**Your task**
Give the entries below again exactly. Their pictures are not needed.

**Data for this exercise**
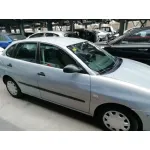 SEAT IBIZA (6L1) SEAT IBIZA (6L1) '2004 1.4 16V GRIS 2002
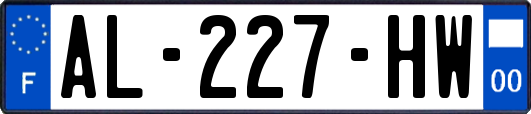 AL-227-HW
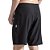 Bermuda Volcom Lido Solid SM27 Masculina Preto - Imagem 2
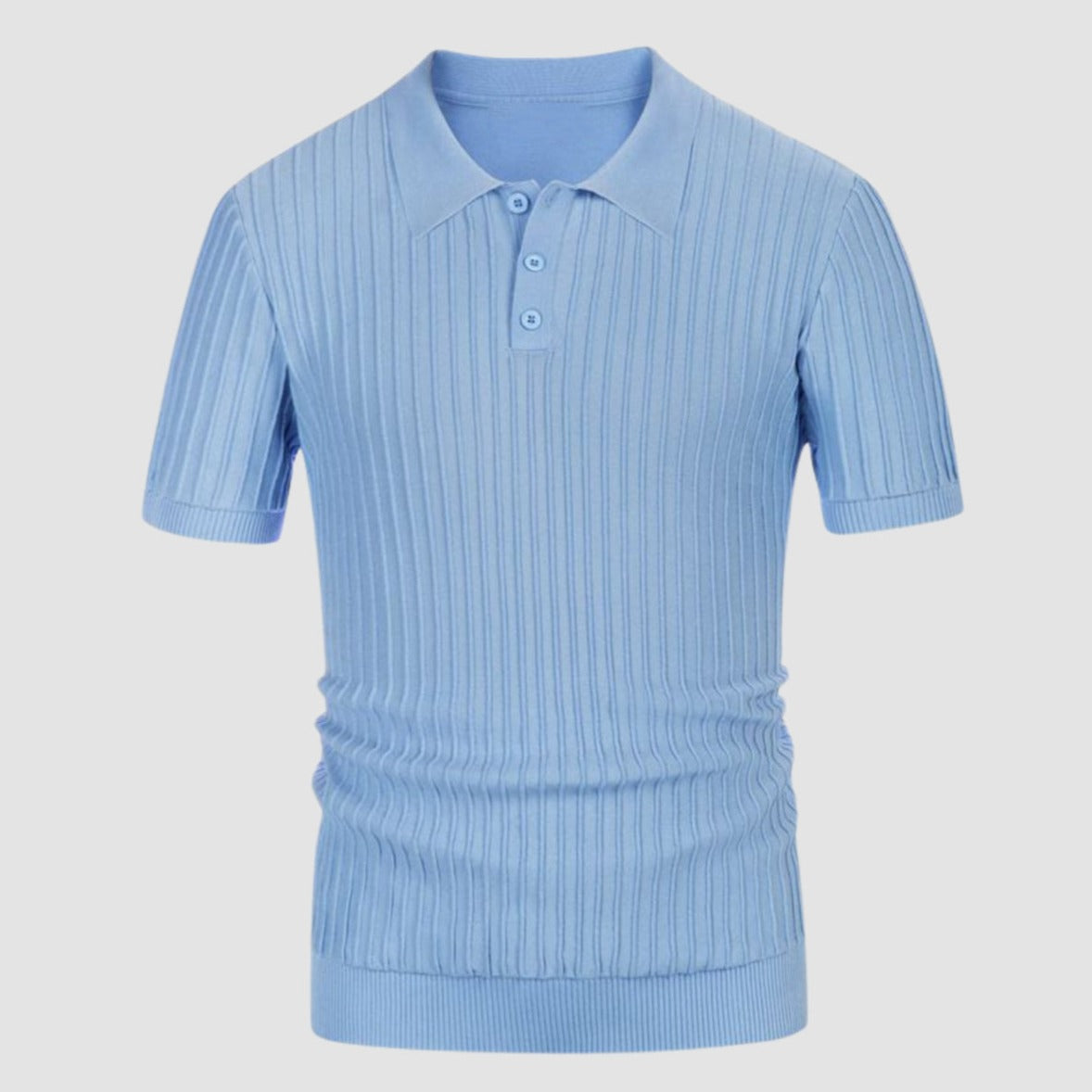 Noble Wear Rio Polo Knitwear T-shirt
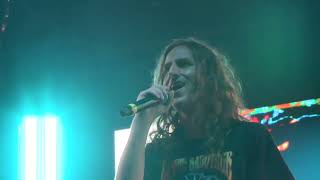 Hippie Sabotage  Options Live from Red Rocks [upl. by Ennovahc]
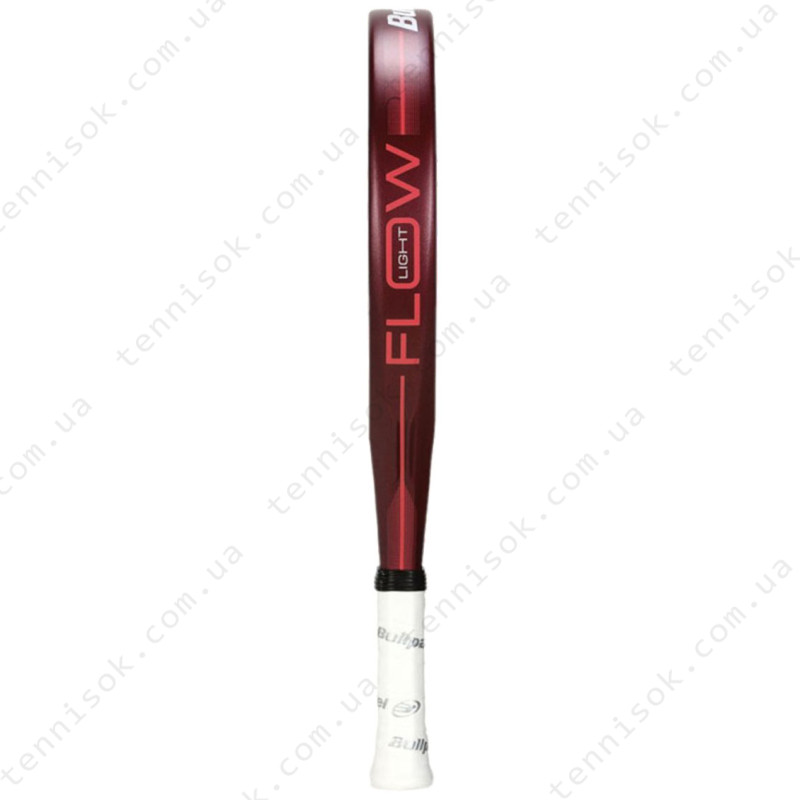 Теннисная ракетка Bullpadel Flow Light 25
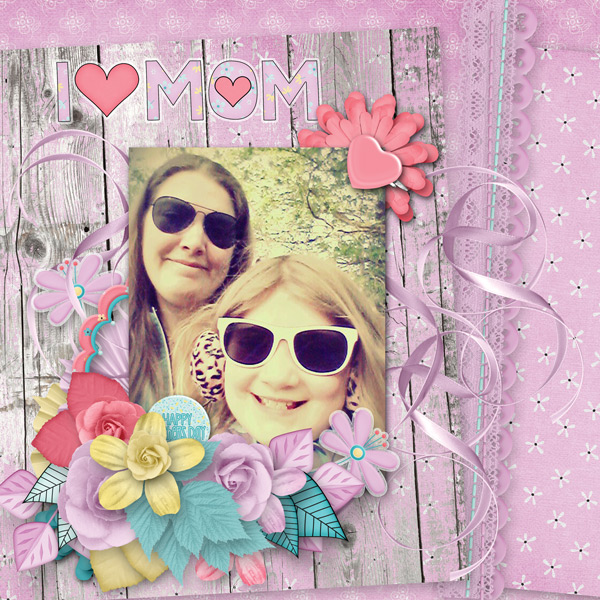 ashley and Leah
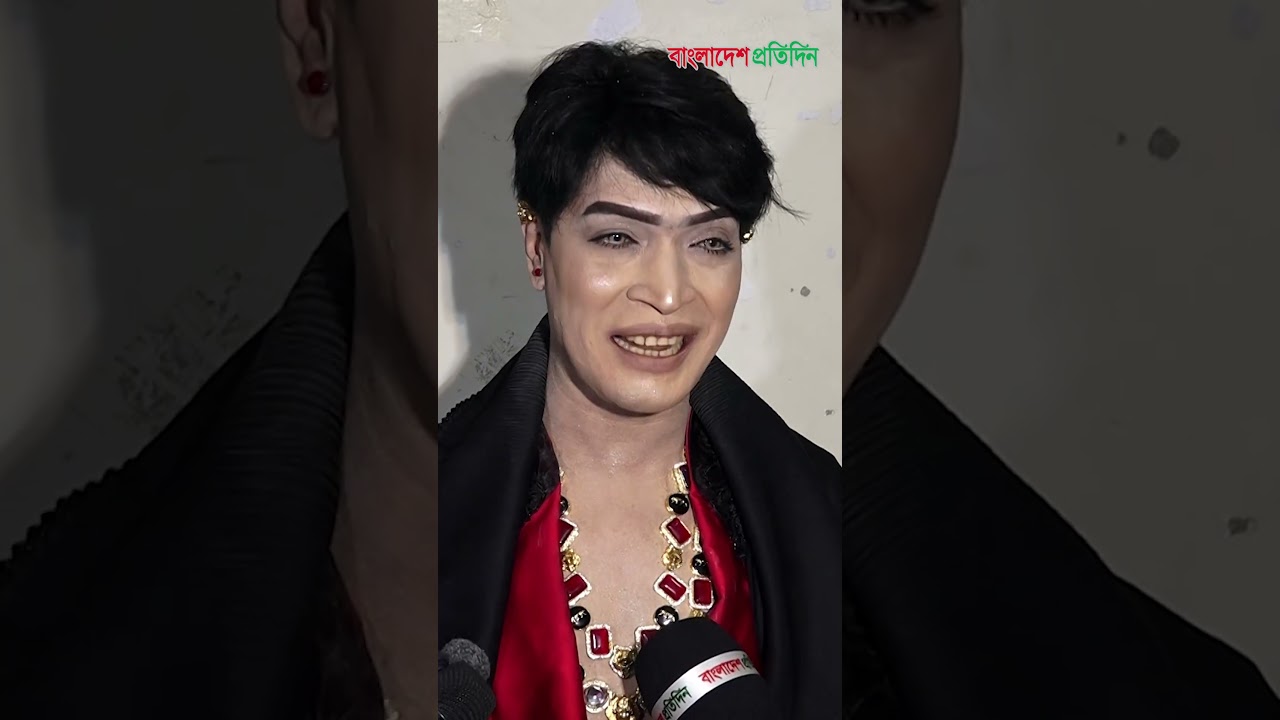 I am a winner without a crown: Adolf Khan | Adolf Khan | Fashion Choreographer | BD Celebrity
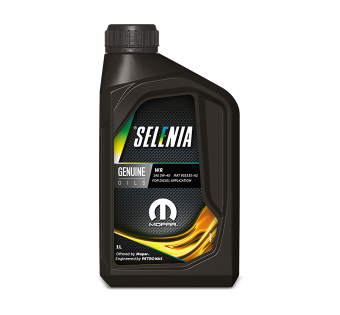 Lubricante de motor totalmente sintético Lubricante de motor totalmente sintético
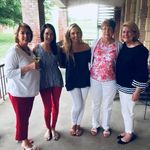 Mary Ann Winkelmann - @maryannwinkelmann - Instagram
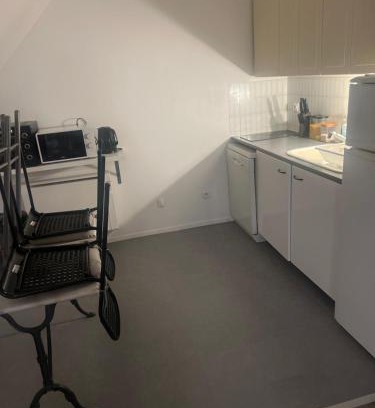 Sannois Apartment | Appartement à Sannois 2 pièces proche de Paris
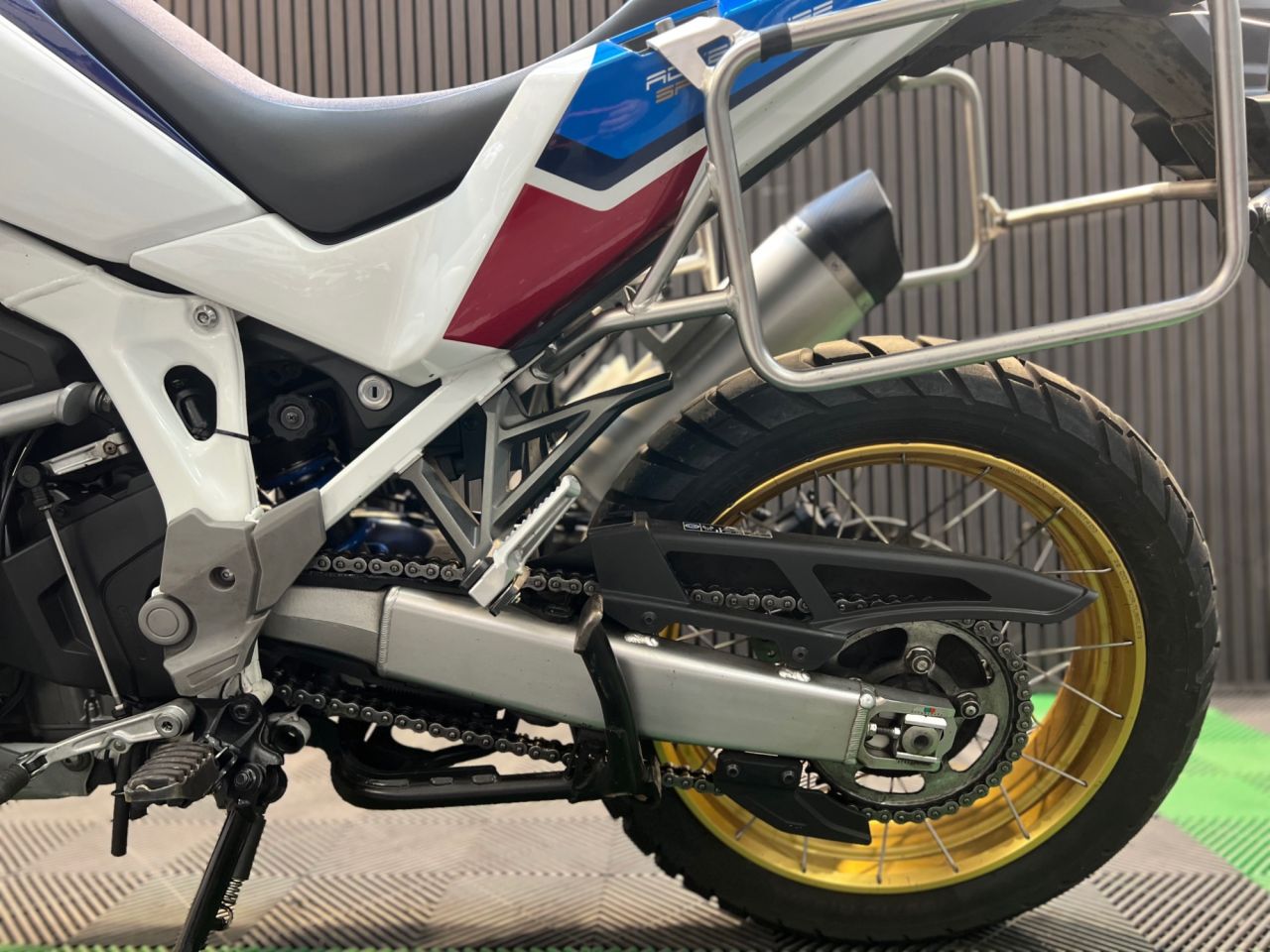 Used Honda CRF1100L Africa Twin Adventure Sports for sale - 78434905: Photo 20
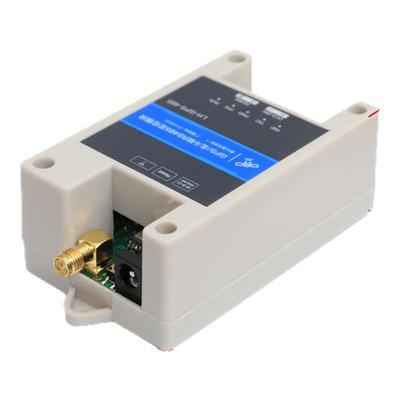 GPS北斗定位模块485通讯Modbus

**Reply**
 SEAT IBIZA (6L1) SEAT IBIZA (6L1) '2004 1.4 16V GRIS 2002
 AL-227-HW
 Bermuda Volcom Lido Solid SM27 Masculina Preto - Imagem 2
 Noble Wear Rio Polo Knitwear T-shirt
 Hippie Sabotage  Options Live from Red Rocks [upl. by Ennovahc]
 Теннисная ракетка Bullpadel Flow Light 25
 ashley and Leah
 I am a winner without a crown: Adolf Khan | Adolf Khan | Fashion Choreographer | BD Celebrity
 Lubricante de motor totalmente sintético Lubricante de motor totalmente sintético
 Mary Ann Winkelmann - @maryannwinkelmann - Instagram
 Sannois Apartment | Appartement à Sannois 2 pièces proche de Paris
 Used Honda CRF1100L Africa Twin Adventure Sports for sale - 78434905: Photo 20
 GPS北斗定位模块485通讯Modbus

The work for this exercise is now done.